» **GIVEN RECORDS**:
══════
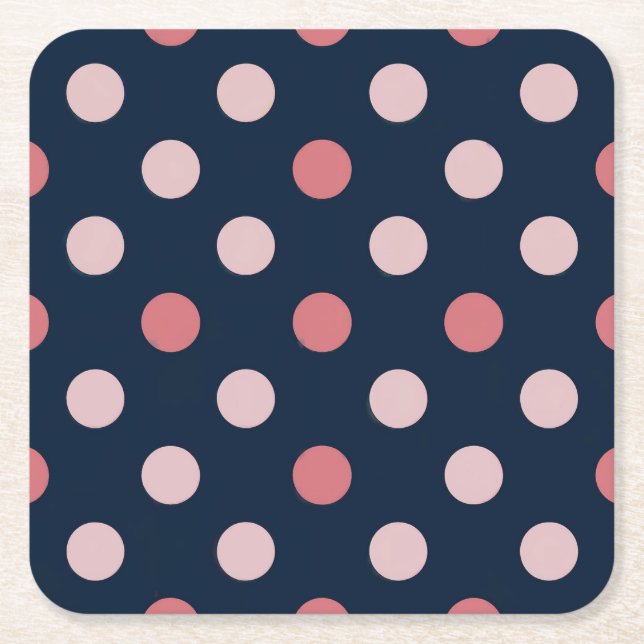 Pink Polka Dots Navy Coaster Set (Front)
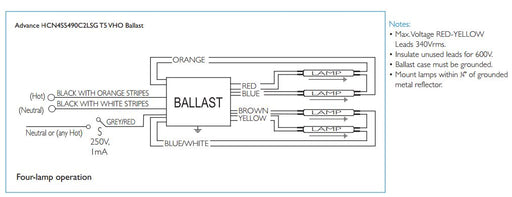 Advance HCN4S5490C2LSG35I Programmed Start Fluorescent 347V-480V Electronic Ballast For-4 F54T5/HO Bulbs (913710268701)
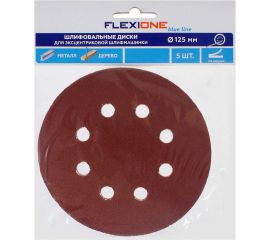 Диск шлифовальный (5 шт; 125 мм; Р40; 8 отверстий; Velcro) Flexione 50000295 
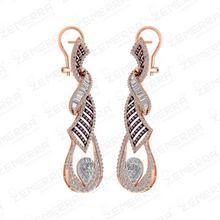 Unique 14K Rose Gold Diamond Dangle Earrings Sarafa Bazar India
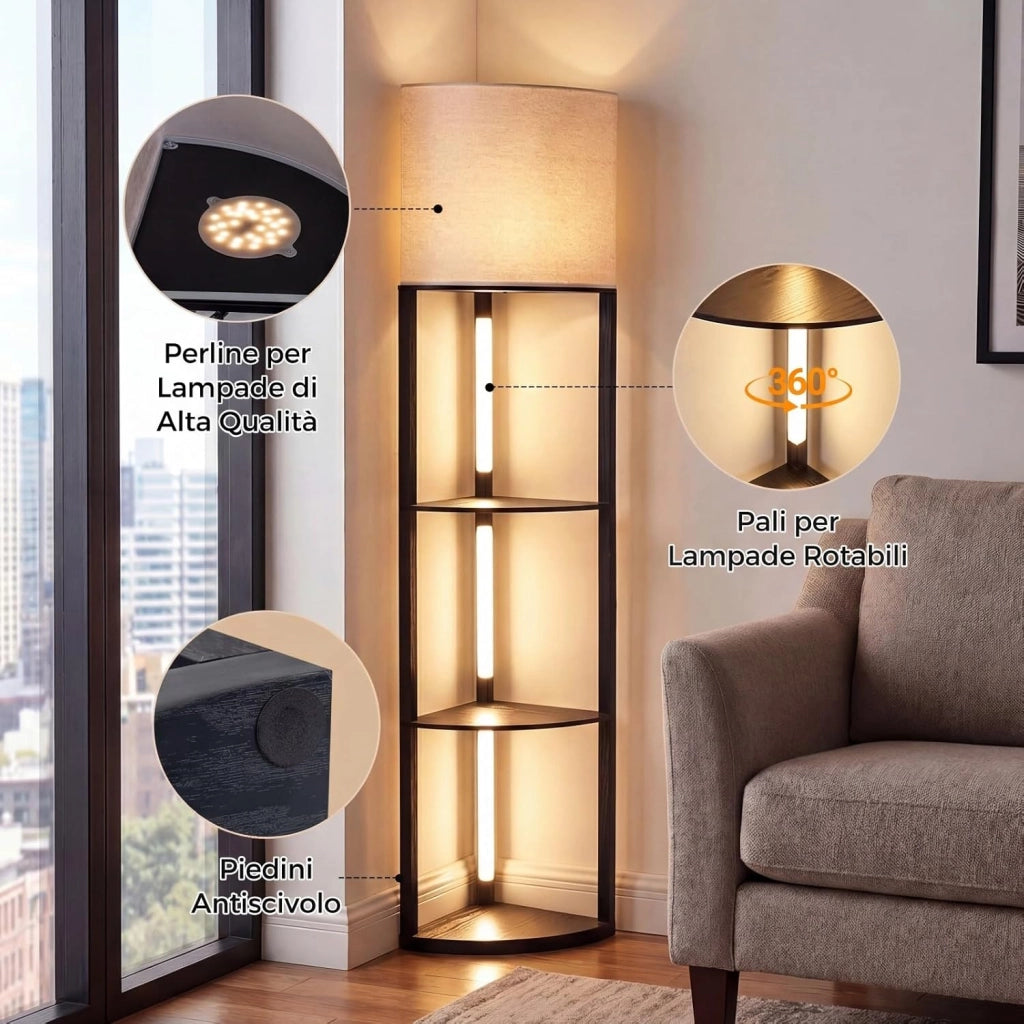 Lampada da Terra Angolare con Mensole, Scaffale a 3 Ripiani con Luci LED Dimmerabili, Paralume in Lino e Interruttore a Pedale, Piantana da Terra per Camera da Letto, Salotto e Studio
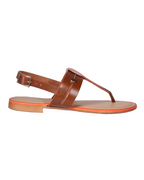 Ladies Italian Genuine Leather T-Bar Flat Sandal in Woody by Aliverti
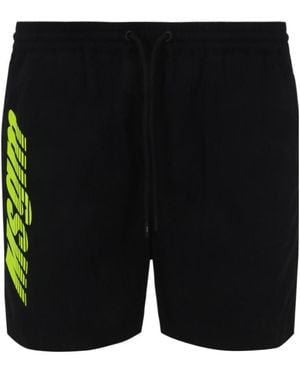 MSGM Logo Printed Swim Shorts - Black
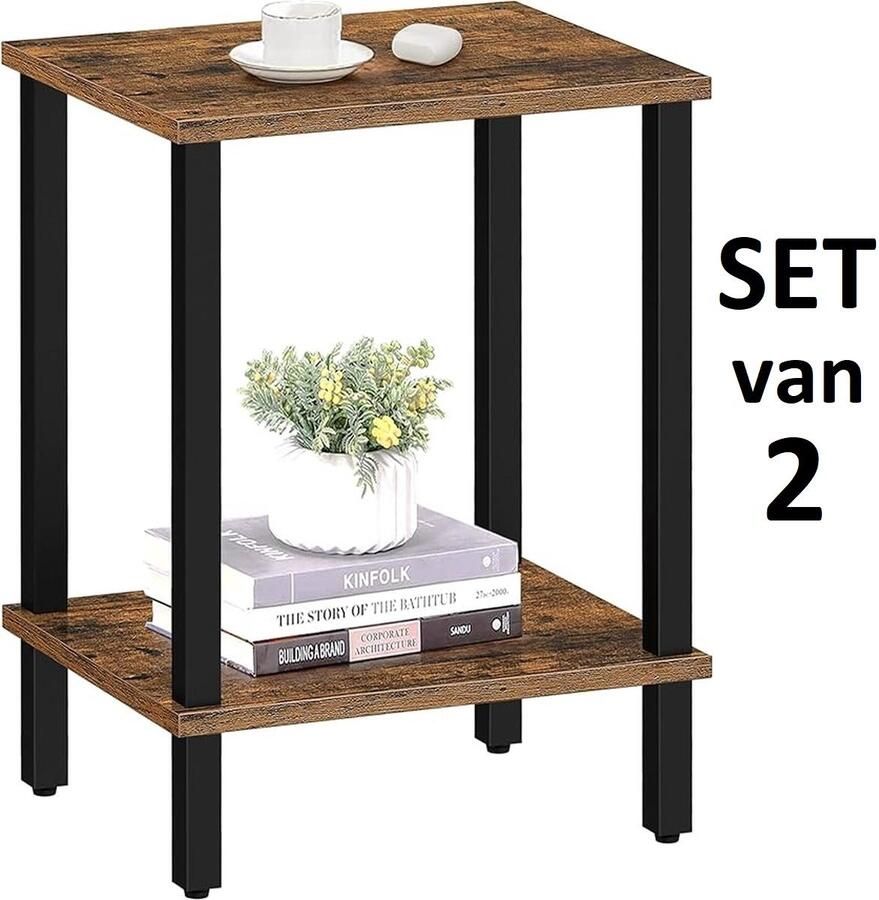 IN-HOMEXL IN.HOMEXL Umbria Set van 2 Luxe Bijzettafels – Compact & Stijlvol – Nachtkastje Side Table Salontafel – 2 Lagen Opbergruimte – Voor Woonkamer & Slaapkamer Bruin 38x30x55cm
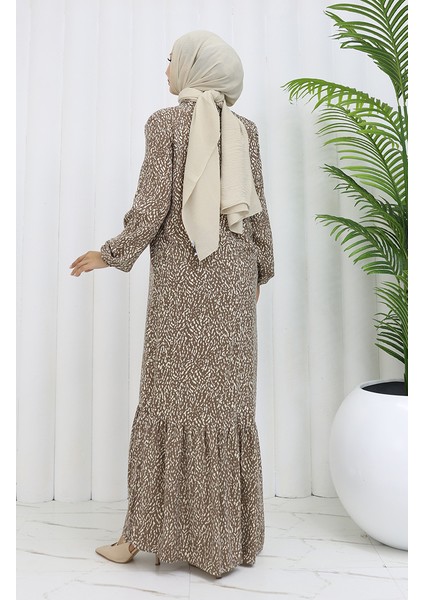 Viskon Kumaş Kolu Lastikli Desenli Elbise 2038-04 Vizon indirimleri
══════
Would you please restate the records word for word, excluding any images?

» **RESPONSE TO THIS EXERCISE**:
 Pink Polka Dots Navy Coaster Set (Front)
 Advance HCN4S5490C2LSG35I Programmed Start Fluorescent 347V-480V Electronic Ballast For-4 F54T5/HO Bulbs (913710268701)
 Диск шлифовальный (5 шт; 125 мм; Р40; 8 отверстий; Velcro) Flexione 50000295 
 Unique 14K Rose Gold Diamond Dangle Earrings Sarafa Bazar India
 Lampada da Terra Angolare con Mensole, Scaffale a 3 Ripiani con Luci LED Dimmerabili, Paralume in Lino e Interruttore a Pedale, Piantana da Terra per Camera da Letto, Salotto e Studio
 Ladies Italian Genuine Leather T-Bar Flat Sandal in Woody by Aliverti
 MSGM Logo Printed Swim Shorts - Black
 IN-HOMEXL IN.HOMEXL Umbria Set van 2 Luxe Bijzettafels – Compact & Stijlvol – Nachtkastje Side Table Salontafel – 2 Lagen Opbergruimte – Voor Woonkamer & Slaapkamer Bruin 38x30x55cm
 Viskon Kumaş Kolu Lastikli Desenli Elbise 2038-04 Vizon indirimleri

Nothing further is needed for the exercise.